High school students share books with Middleboro’s toughest critics

Dec 2, 2023

MIDDLEBORO – Middleboro High School students Matt Youngquist and Bayley Martin spent weeks perfecting their children's book about a bunny and a group of bears, but when it came time to share their work with children at the Memorial Early Childhood Center, they were faced with tough questions that they hadn’t prepared for. 

“They were concerned [about] how the animals were talking. We just told them it was a fiction book,” Youngquist said. “I probably expected them to be a little nicer.”

Aside from concerns about realism, Youngquist said that spending time at the Memorial Early Childhood Center on Tuesday, Nov. 28 gave him a sense of nostalgia about his own experience as a child.

“It would be cool when I was in kindergarten if someone came in there and read a book for me,” Youngquist said.

Youngquist and Martin wrote the book in a storytelling class taught by English teacher Megan Connor. She explained that writing children’s books is a good learning experience because it teaches students to simplify their writing so it can be understood even by young kids.

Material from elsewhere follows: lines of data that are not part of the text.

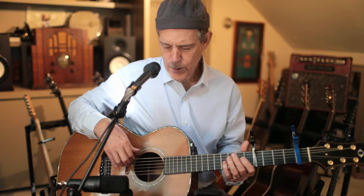Hi. This is a guitar lesson about a song called Winter at the Shore. I'll play just a little bit of the song.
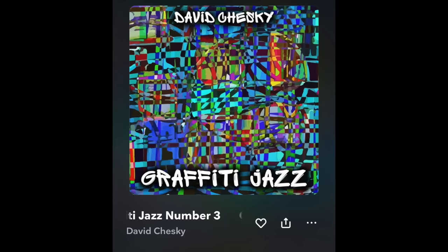I went back to standard listening distance — about nine feet away — and played Graffiti Jazz by David Chesky. It has a lot of bass, a lot of room-shaking very deep bass, and it's gorgeous. It's not a traditional audiophile recording; it's samples. But the trumpet sound was so cool, and that leading-edge transient detail was amazing — incredible, again from this really small speaker.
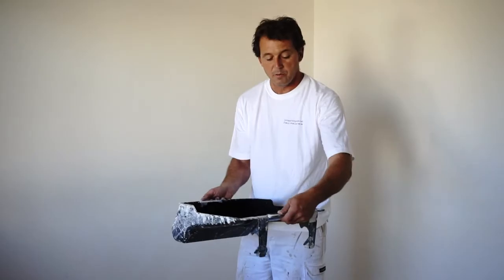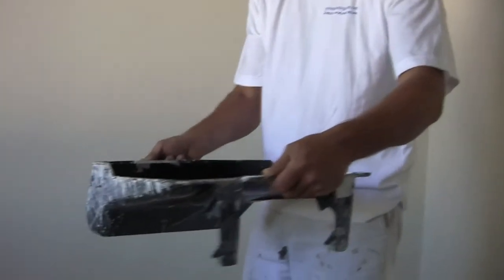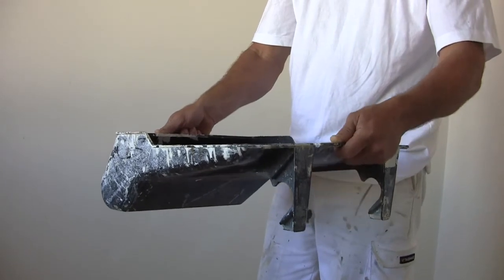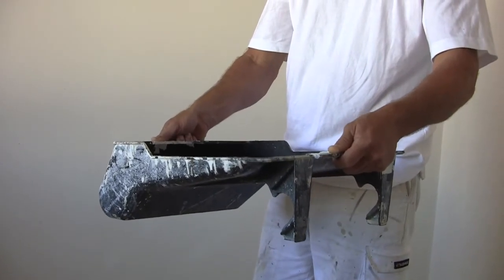One more quick thing — remember we talked about the gear. You can see I've got this rubber tray very carefully, because I don't want that bleach to go anywhere. It would be worse than paint. And I've got it held in two hands.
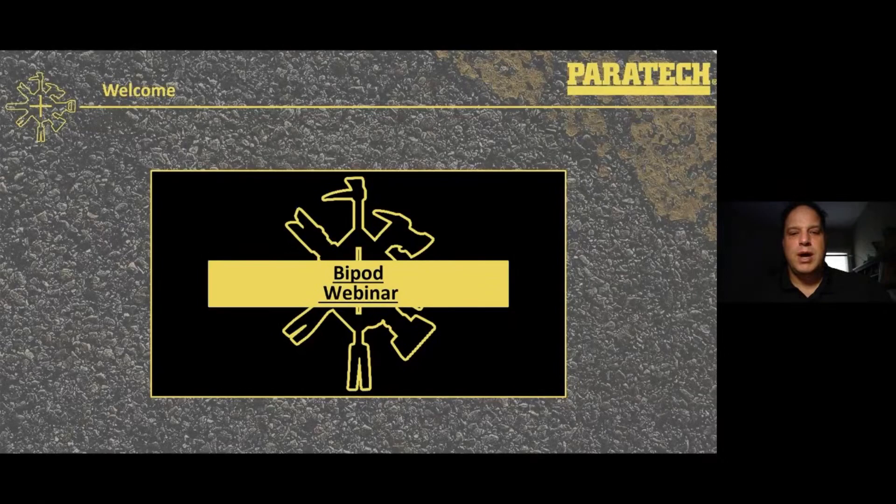Hello, welcome to Paratech's bipod webinar. My name is Michael Wiese, I'm the Regional Sales Manager for Western Canada. You heard my voice on the monopod webinar if you were able to watch that one. This is one in a series of webinars that we're doing on our products and how you can use them to effect a rescue.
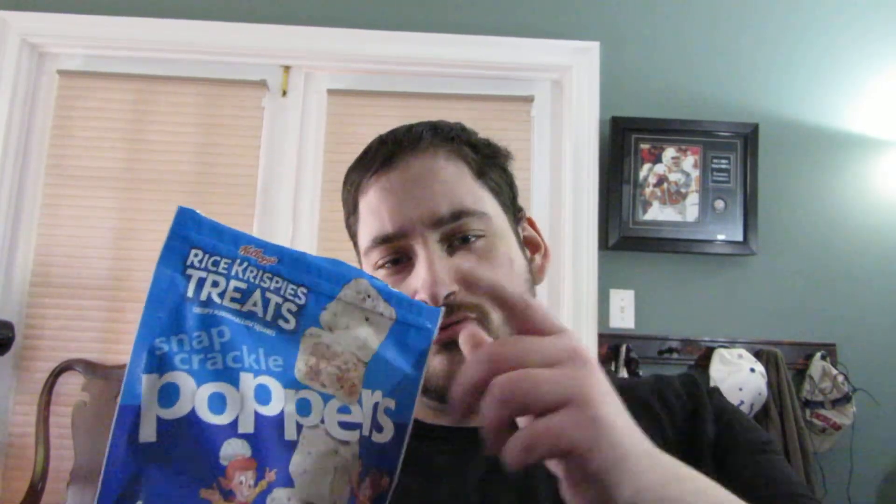If you've had the Rice Krispie Treat Poppers, let me know what you thought of them in the comments below. Give this video a like if you enjoyed it, share it so someone else can see it, and subscribe to the channel if you haven't already. See you guys in the next review. Peace.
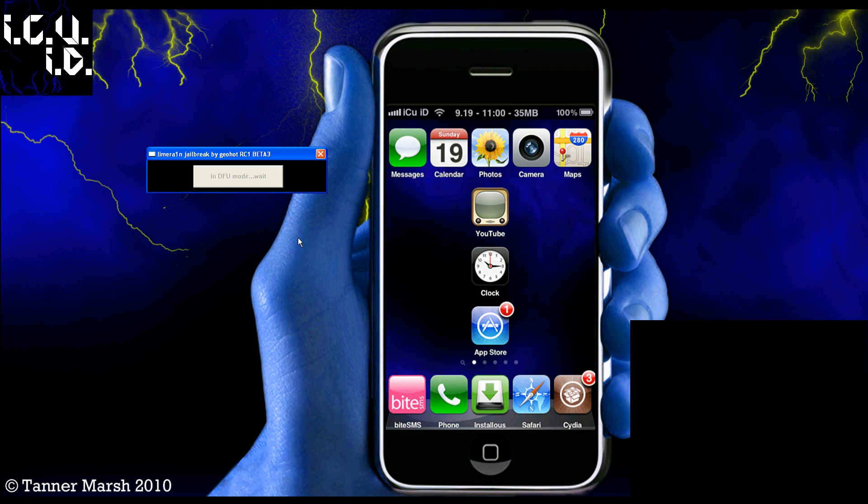For all other devices except the iPad, I'm pretty sure it gives you a status update and actually tells you what to do in this box right here. It tells you to hold down the home and the power button, then to let go of the power button and stuff, but for some reason it isn't giving me that option.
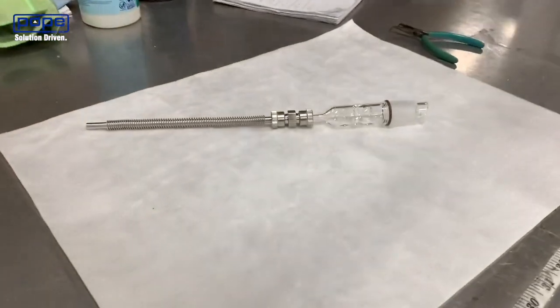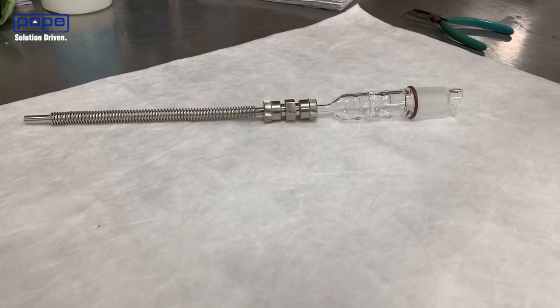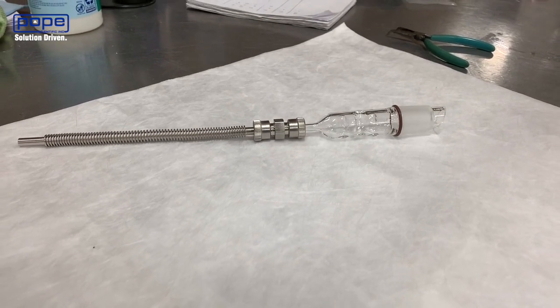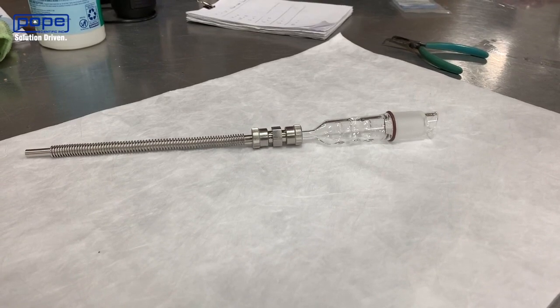Today we're going to be talking about an Ultra Torre fitting. We utilize these as one of our connections to go from metal to glass tubing. On the left hand side we've got a simple convoluted metal tube and on the right hand side we've got glass tubing.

“One of the challenges I think they had was trying to get the sentence structure and the language at a level that would be accessible to younger kids,” Connor said. “That’s not always easy.”

After writing the books in Connor’s class, students got a chance to illustrate their books and turn them into  physical objects at the high school’s Innovation Lab. 

Tony Chiuppi, who coordinates the lab, explained that students used software called Canva to design the illustrations.

Kaitlyn Jones, who attended Memorial Early Childhood Center, wrote a book with classmate Lexi Drevitch about a cat named Cleo. 

She said that returning to the school brought back memories of her time as a much younger student.

“Everything seems so much smaller now,” Jones said. “I do remember some things, and it made me nostalgic.”

Jones said that she and Drevitch drew inspiration from their own pets when writing their story.

“We just thought back to stories we read as kids,” Jones added.

As Jones and Drevitch read their story to three separate classrooms at the Childhood Center, the children listened attentively. But when the story was finished, its authors weren’t spared from having to respond to some of the same tough questions as Youngquist and Martin.

“I didn’t really expect them to be stuck on the fact that dogs and cats couldn’t talk,” Drevitch said.